Planning for the April 2011 Edinburgh Conference continues. The event will be held in collaboration with Emerald Group and the recently created Centre for Research on Work and Wellbeing (CRoWW) at Heriot-Watt University, Edinburgh. I am delighted to confirm the participation of two eminent contributors to the field, Eric Flamholtz and Ulf Johanson, at the event. Now, a Professor Emeritus at UCLA’s Anderson School of Management, Eric is acknowledged as the founder of human resource accounting in the late 1960s and the author of three editions of its core research monograph, together with scores of academic papers. Ulf was the founding Editor of the Journal of Human Resource Costing & Accounting in 1996 at Stockholm Business School. Together with the late Jan-Erik Grojer he pioneered the human resource costing and accounting approach in Scandinavia in the 1980s and 1990s, which provides the link between human resource accounting and intellectual capital. Updated details of the event can be found on the journal’s web site.

The three papers in the present issue once again confirm the human resource costing and accounting concept’s continuing relevance globally.
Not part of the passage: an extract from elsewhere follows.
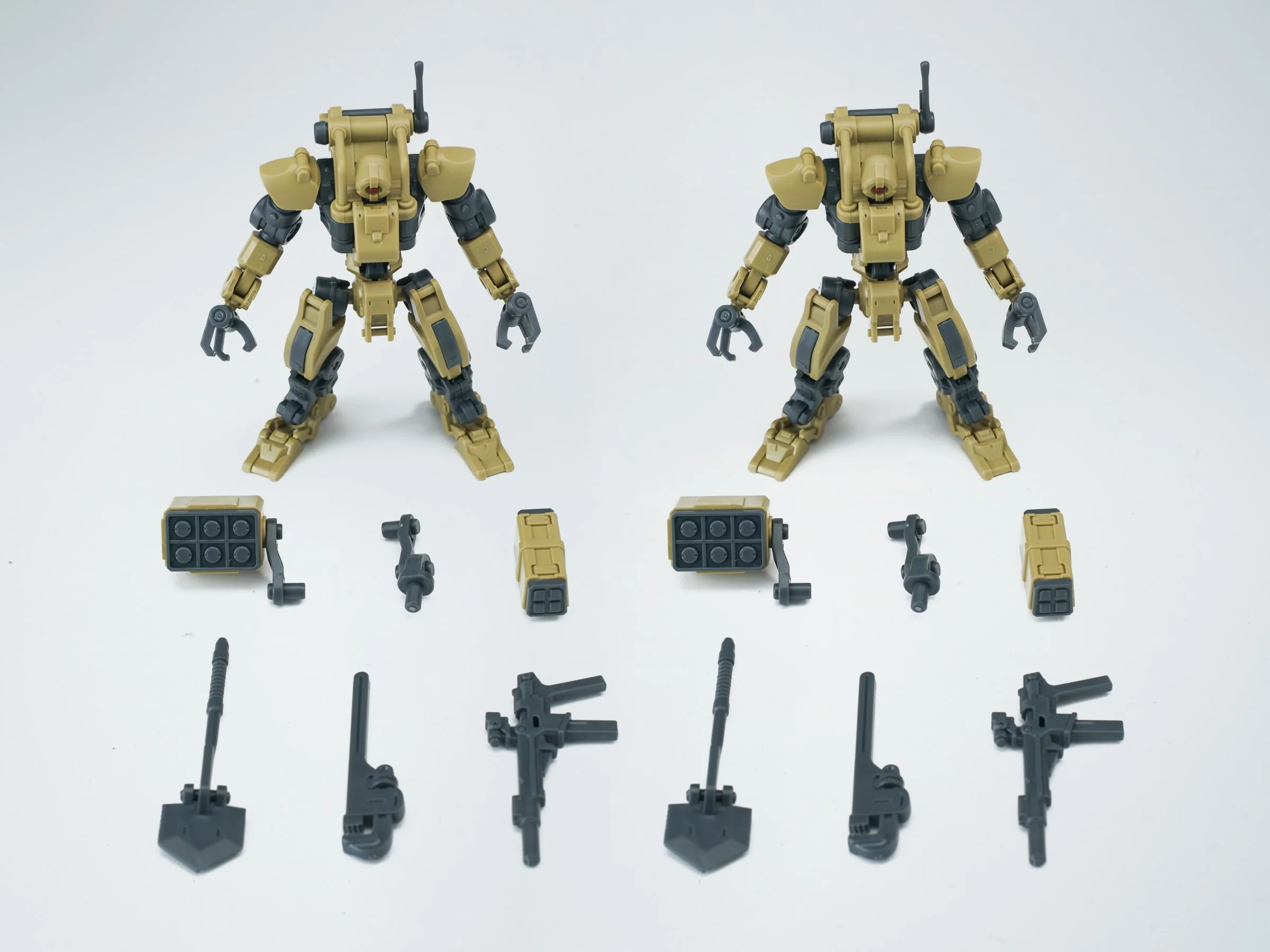 Sheik Mainland - 09 - Battle Android Little Martin (Sand) - Image 7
Recent years have seen a resurgence in interest in human resource accounting on the Indian subcontinent. Naveed Iqbal Chaudhry and Muhammad Azam Roomi’s paper outlines the findings of an exploratory study of human capital development in the Pakistani textile manufacturing sector. Companies investing in their employees are found to experience higher levels of productivity and similar improvements in organisational performance. Being among the first such studies within Pakistan, the authors believe their work provides a sound basis on which to pursue a range of replication studies as well as encouraging increased investment in employee training and development initiatives.

The paper by Subhash Abhayawansa and James Guthrie provides a comprehensive, highly accessible review of the literature on the importance of intellectual capital information to the capital market. This was one of the topics that was instrumental in catalysing the development of the intellectual capital field in the mid-1990s, as the “hidden value” associated with rising stocks of intellectual capital within enterprises were seen as a potential threat to the efficient performance of the global capital market in some quarters. Unlike previous reviews, this paper organises the literature by research design.

The final paper by Howard Kahn, Joanna E. Stevenson and myself revisits some of the findings of a recent study funded by the Institute of Chartered Accountants of Scotland, published in 2009 as Recognising Workforce Health as a Key Organisational Asset: A Study of Current Thinking and Practice. The responses of two samples of UK accounting and finance and human resource directors to a series of questions on health and wellbeing, viewed as a further key constituent of intellectual capital, are compared across private and public sector organisations. The views expressed by the human resource directors are found to be the most positive, although far from highly enthusiastic, while private sector accounting and finance directors exhibit only limited enthusiasm and in some cases considerable antipathy to the issues raised in the questionnaires.